In that instant the tenets of socialism, after a siege lasting a quarter of a century, took complete possession of Oswald’s mind. In that same instant she perceived it. “Any one can see you’re a Liberal and a Socialist yourself,” she cried. “You’d shake hands with Lloyd George tomorrow. Yes, you would. Why poor foolish Vincent made you trustee——! He might have known! You a sailor! A faddy invalid! Mad on blacks. I suppose you’d give your precious Baganda Home Rule next! And him always so sound on the treatment of the natives! Why! he kicked a real judge—a native judge—Inner Temple and all the rest of it—out of his railway compartment. Kicked him. Bustled him out neck and crop. Awayed with him! Oh, if he could see you now! Insulting me! Standing up for all these people, blacks, Irishmen, strikers, anything. Sneering at the dear old Union Jack they want to tear to pieces.”

“Well,” said Oswald as she paused to take breath. “You’ve got yourself into this mess and you must get along now till next quarter day as well as you can. I can’t help you and you don’t deserve to be helped.”

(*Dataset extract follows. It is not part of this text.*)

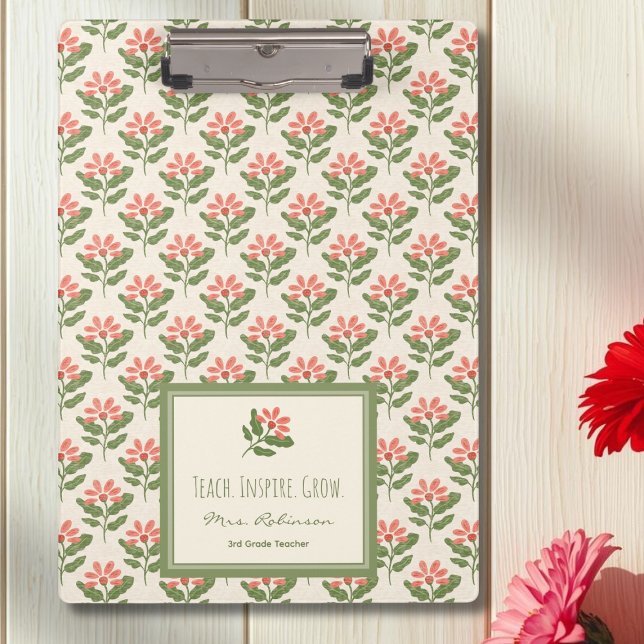 Prancheta Personalizada de Floral para Professores (Personalized Floral Teacher Clipboard | Perfect Teacher Appreciation Gift)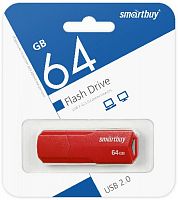 Флеш-накопитель USB  64GB  Smart Buy  Clue  красный (SB64GBCLU-R)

“You’ll not let me spend my own money?”

“You’ve fired off all the money you’re entitled to. You’ll probably kill a constable—or some decent little soldier boy from Devon or Kent.... Good God! Have you no imagination?...”

It was the most rankling encounter he had ever had with her. Either he was losing tolerance for her or she was indeed becoming more noisy and ferocious. She haunted his thoughts for a long time, and his thoughts of her, so intricate is our human composition, were all mixed up with sympathy and remorse for the petty cash troubles in which he had left her....

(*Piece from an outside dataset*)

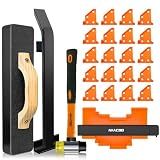 NAACOO Laminate Flooring Tools,Vinyl Flooring Tools, Heavy Tapping Block, Heavy Pull Bar, 10”Contour Gauge, 20pc Upgrade Flooring Spacers, Rubber Mallet - Professional 5 in 1 Flooring Installation Kit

But what a pampered, evil soul she had always been! Never in all her life had she made or grown or got one single good thing for mankind. She had lived in great expensive houses, used up the labour of innumerable people, bullied servants, insulted poor people, made mischief. She was like some gross pet idol that mankind out of whim kept for the sake of its sheer useless ugliness. He found himself estimating the weight of food and the tanks of drink she must have consumed, the carcases of oxen and sheep, the cartloads of potatoes, the pyramids of wine bottles and stout bottles she had emptied. And she had no inkling of gratitude to the careless acquiescent fellow-creatures who had suffered her so long and so abundantly. At the merest breath upon her clumsy intolerable dignity she clamoured for violence and cruelty and killing, and would not be appeased. An old idol! And she was only one of a whole class of truculent, illiterate harridans who were stirring up bad blood in half the great houses of London, and hurrying Britain on to an Irish civil war. No! She wasn’t as funny as she seemed. Not nearly so funny. She was too like too many people for that. Too like most people?

Did that go too far?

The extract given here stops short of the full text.